Pressão familiar e prisão por evangelização
Inicialmente, a família enfrentou oposição de parentes muçulmanos devotos, que os acusavam de trair a cultura e as tradições do país. A situação se agravou drasticamente quando o pai de Bahar foi denunciado por um informante, preso e mantido por 13 meses devido ao seu trabalho missionário e à fundação de grupos religiosos clandestinos.
Vigilância implacável e ameaças de morte
Após a libertação do pai, a família passou a ser alvo de uma vigilância onipresente.
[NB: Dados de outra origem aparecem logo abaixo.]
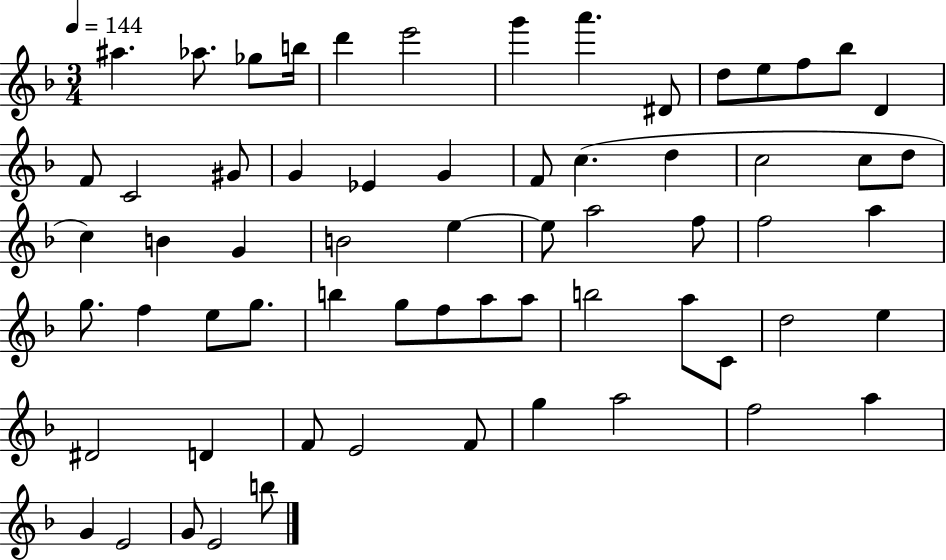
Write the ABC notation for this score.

X:1
T:Untitled
M:3/4
L:1/4
K:F
^a _a/2 _g/2 b/4 d' e'2 g' a' ^D/2 d/2 e/2 f/2 _b/2 D F/2 C2 ^G/2 G _E G F/2 c d c2 c/2 d/2 c B G B2 e e/2 a2 f/2 f2 a g/2 f e/2 g/2 b g/2 f/2 a/2 a/2 b2 a/2 C/2 d2 e ^D2 D F/2 E2 F/2 g a2 f2 a G E2 G/2 E2 b/2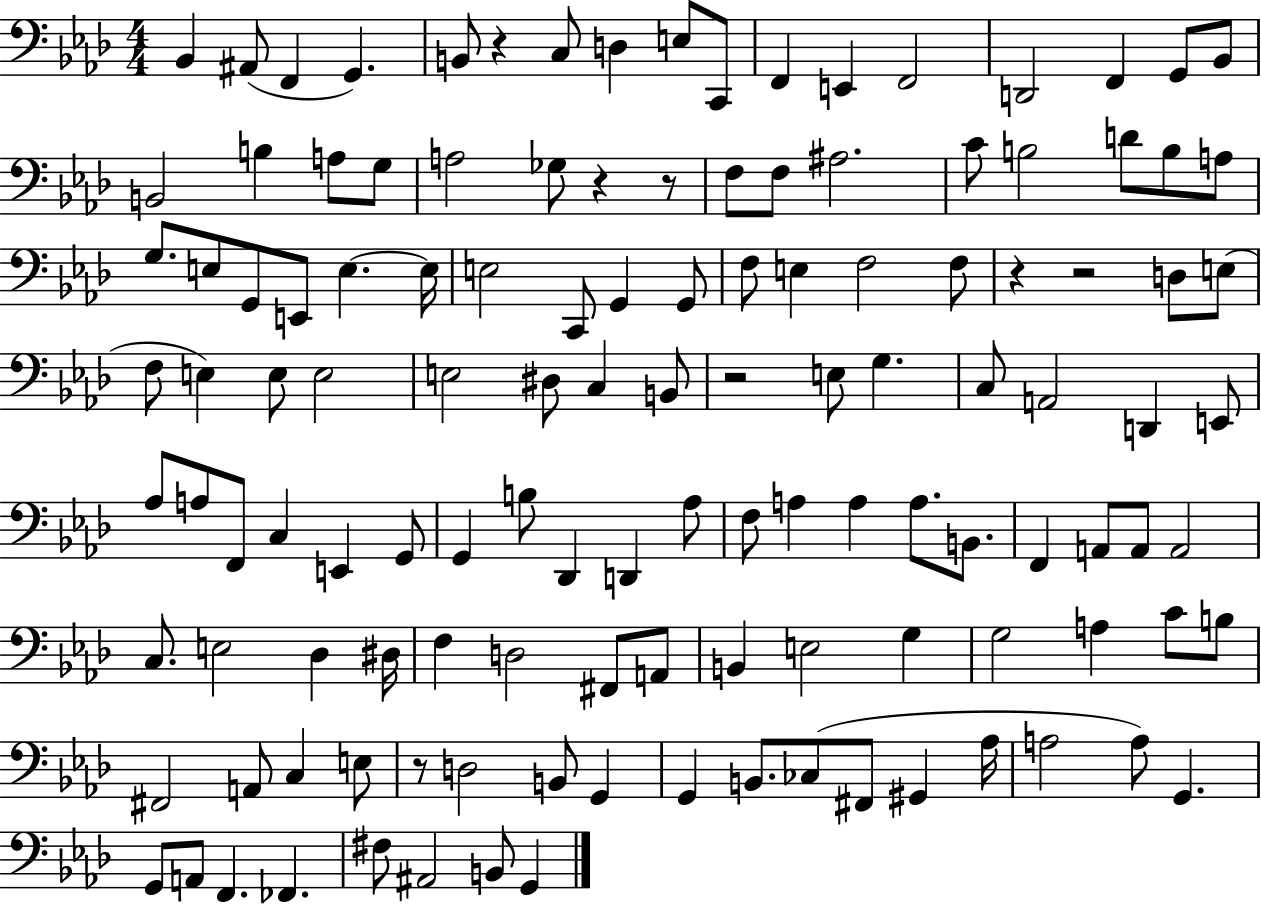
{
  \clef bass
  \numericTimeSignature
  \time 4/4
  \key aes \major
  \repeat volta 2 { bes,4 ais,8( f,4 g,4.) | b,8 r4 c8 d4 e8 c,8 | f,4 e,4 f,2 | d,2 f,4 g,8 bes,8 | \break b,2 b4 a8 g8 | a2 ges8 r4 r8 | f8 f8 ais2. | c'8 b2 d'8 b8 a8 | \break g8. e8 g,8 e,8 e4.~~ e16 | e2 c,8 g,4 g,8 | f8 e4 f2 f8 | r4 r2 d8 e8( | \break f8 e4) e8 e2 | e2 dis8 c4 b,8 | r2 e8 g4. | c8 a,2 d,4 e,8 | \break aes8 a8 f,8 c4 e,4 g,8 | g,4 b8 des,4 d,4 aes8 | f8 a4 a4 a8. b,8. | f,4 a,8 a,8 a,2 | \break c8. e2 des4 dis16 | f4 d2 fis,8 a,8 | b,4 e2 g4 | g2 a4 c'8 b8 | \break fis,2 a,8 c4 e8 | r8 d2 b,8 g,4 | g,4 b,8. ces8( fis,8 gis,4 aes16 | a2 a8) g,4. | \break g,8 a,8 f,4. fes,4. | fis8 ais,2 b,8 g,4 | } \bar "|."
}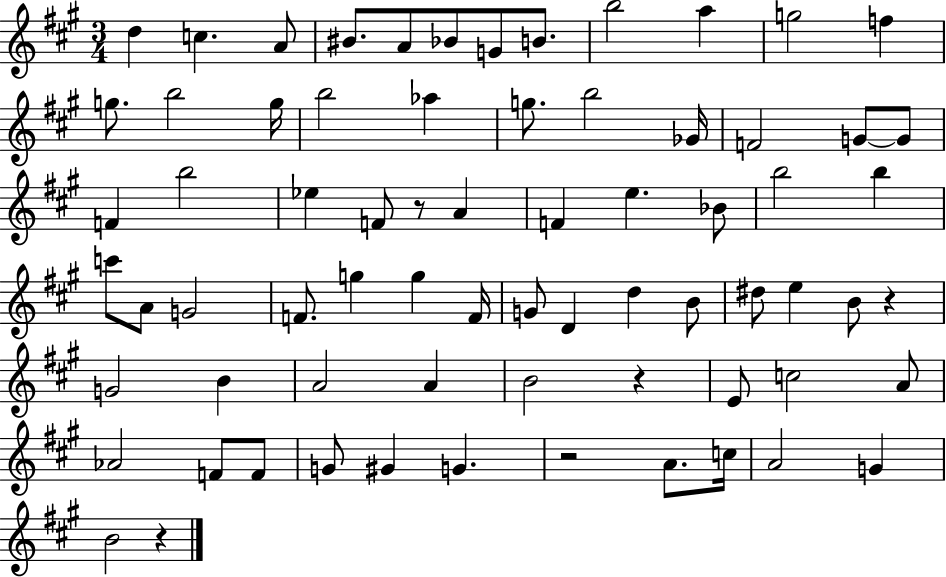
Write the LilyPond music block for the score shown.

{
  \clef treble
  \numericTimeSignature
  \time 3/4
  \key a \major
  \repeat volta 2 { d''4 c''4. a'8 | bis'8. a'8 bes'8 g'8 b'8. | b''2 a''4 | g''2 f''4 | \break g''8. b''2 g''16 | b''2 aes''4 | g''8. b''2 ges'16 | f'2 g'8~~ g'8 | \break f'4 b''2 | ees''4 f'8 r8 a'4 | f'4 e''4. bes'8 | b''2 b''4 | \break c'''8 a'8 g'2 | f'8. g''4 g''4 f'16 | g'8 d'4 d''4 b'8 | dis''8 e''4 b'8 r4 | \break g'2 b'4 | a'2 a'4 | b'2 r4 | e'8 c''2 a'8 | \break aes'2 f'8 f'8 | g'8 gis'4 g'4. | r2 a'8. c''16 | a'2 g'4 | \break b'2 r4 | } \bar "|."
}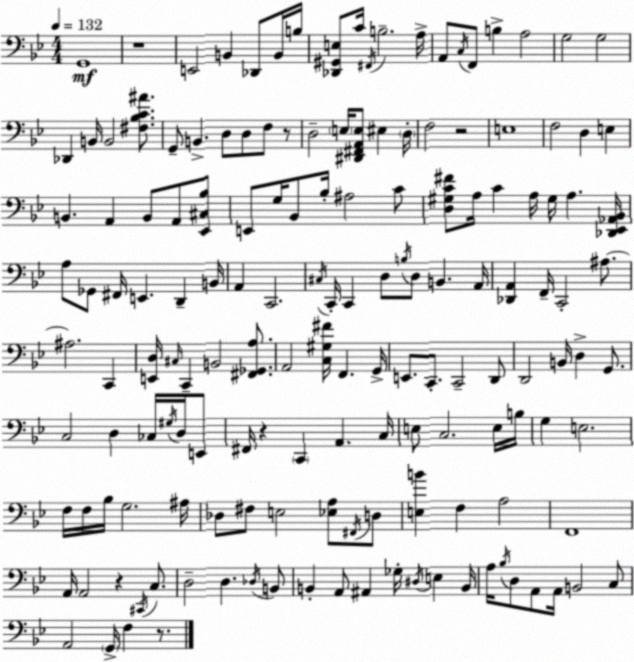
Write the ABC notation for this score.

X:1
T:Untitled
M:4/4
L:1/4
K:Gm
G,,4 z4 E,,2 B,, _D,,/2 B,,/4 B,/4 [_D,,^G,,E,]/2 C/4 ^F,,/4 B,2 A,/4 A,,/2 C,/4 F,,/2 B, A,2 G,2 G,2 _D,, B,,/4 B,,2 [^F,_B,C^A]/2 G,,/2 B,, D,/2 D,/2 F,/2 z/2 D,2 E,/4 [^D,,^F,,A,,E,]/2 ^E, D,/4 F,2 z2 E,4 F,2 D, E, B,, A,, B,,/2 A,,/2 [_E,,^C,_B,]/2 E,,/2 G,/4 _B,,/2 _B,/4 ^A,2 C/2 [D,^G,C^F]/2 A,/4 C A,/4 ^G,/4 A, [_D,,_E,,_A,,_B,,]/4 A,/2 _G,,/2 ^F,,/4 E,, D,, B,,/4 A,, C,,2 ^C,/4 C,,/4 C,, D,/2 B,/4 D,/2 B,, A,,/4 [_D,,A,,] F,,/4 C,,2 ^A,/2 ^A,2 C,, [E,,D,]/4 ^C,/4 C,, B,,2 [^F,,_G,,A,]/2 A,,2 [C,^G,^F]/4 F,, G,,/4 E,,/2 C,,/2 C,,2 D,,/2 D,,2 B,,/4 D, G,,/2 C,2 D, _C,/4 ^G,/4 D,/4 E,,/2 ^F,,/4 z C,, A,, C,/4 E,/2 C,2 E,/4 B,/4 G, E,2 F,/4 F,/4 _B,/4 G,2 ^A,/4 _D,/2 ^F,/2 E,2 [_E,A,]/2 ^F,,/4 D,/2 [E,B] F, A,2 F,,4 A,,/4 A,,2 z ^C,,/4 C,/2 D,2 D, _D,/4 B,,/2 B,, A,,/2 ^A,, _G,/4 ^D,/4 E, B,,/4 A,/4 _B,/4 D,/2 A,,/2 A,,/4 B,,2 C,/2 A,,2 G,,/4 F, z/2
Bahar relata que recebiam ligações de números desconhecidos que detalhavam seus passos, como visitas a parques e shoppings. Esse controle psicológico e físico visa isolar os convertidos e forçá-los a abandonar suas práticas religiosas, sob a ameaça direta de execução.
Desafios do exílio e medo contínuo
Viver como refugiada traz consigo direitos limitados e dificuldades de acesso a trabalho, educação e saúde. Além do trauma do deslocamento e da saudade da pátria, o medo de serem deportados de volta ao Irã é constante. Bahar denuncia que a perseguição não termina na fronteira, pois o regime iraniano utiliza recursos para monitorar seus cidadãos no exterior.
Cristianismo no Irã: perseguição extrema
O Irã figura na 10ª posição na Lista Mundial de Perseguição a cristãos da ONG Portas Abertas, com níveis considerados extremos. Embora minorias religiosas sejam reconhecidas, muçulmanos convertidos ao cristianismo não possuem proteção legal e enfrentam tortura e prisão. Apesar do cenário sombrio, muitos iranianos nutrem a esperança de que futuras mudanças políticas tragam liberdade e justiça para todas as crenças.